Data for analysis>
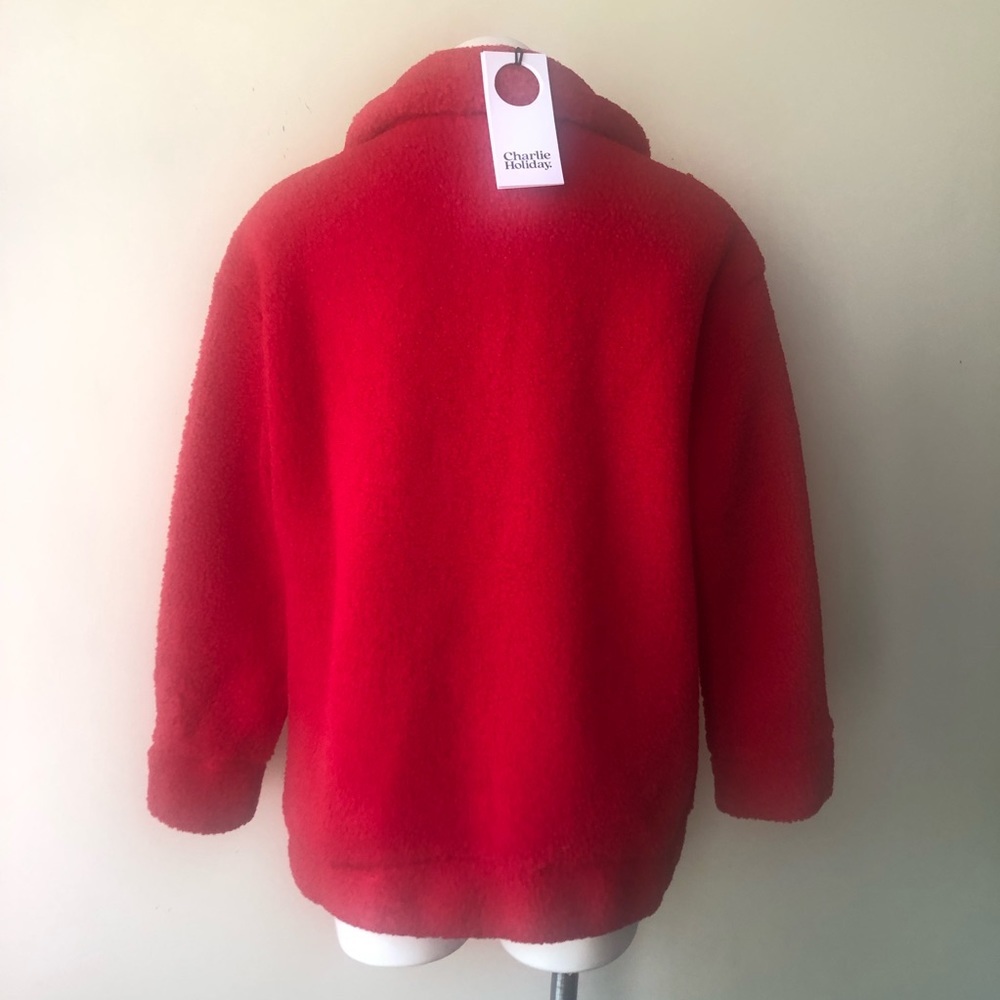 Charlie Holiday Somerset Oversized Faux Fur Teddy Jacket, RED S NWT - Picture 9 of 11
* * *
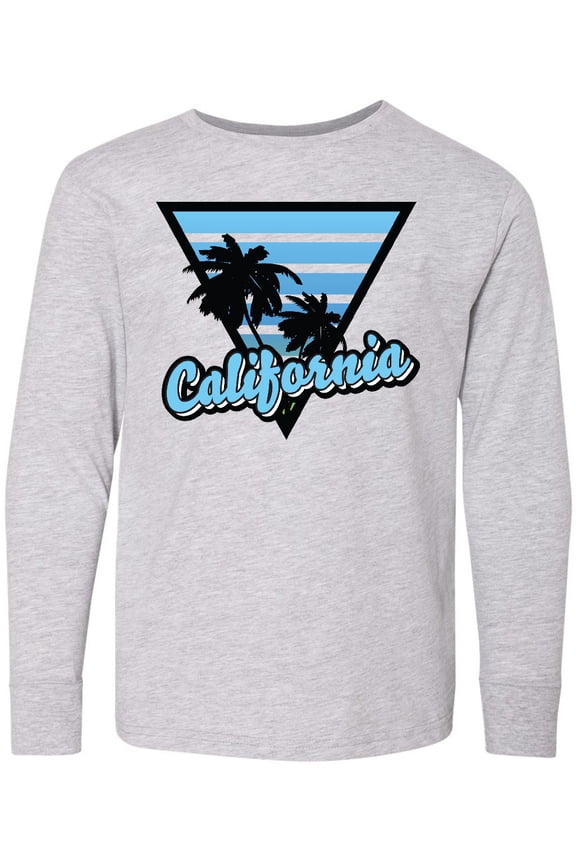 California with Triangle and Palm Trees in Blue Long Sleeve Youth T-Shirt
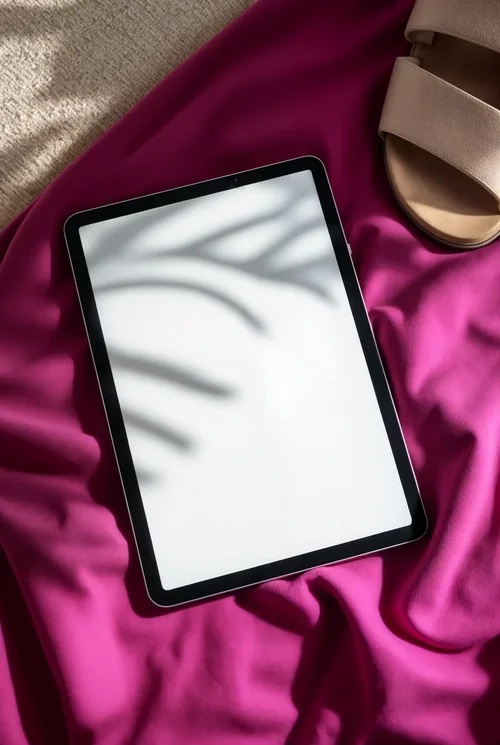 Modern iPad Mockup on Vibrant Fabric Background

Your objective> In the listing above, find the line with "California with Triangle" and the line with "Modern iPad Mockup". Copy both of them and every line between, exactly, but not the pictures.

Answer box>
 California with Triangle and Palm Trees in Blue Long Sleeve Youth T-Shirt
 Modern iPad Mockup on Vibrant Fabric Background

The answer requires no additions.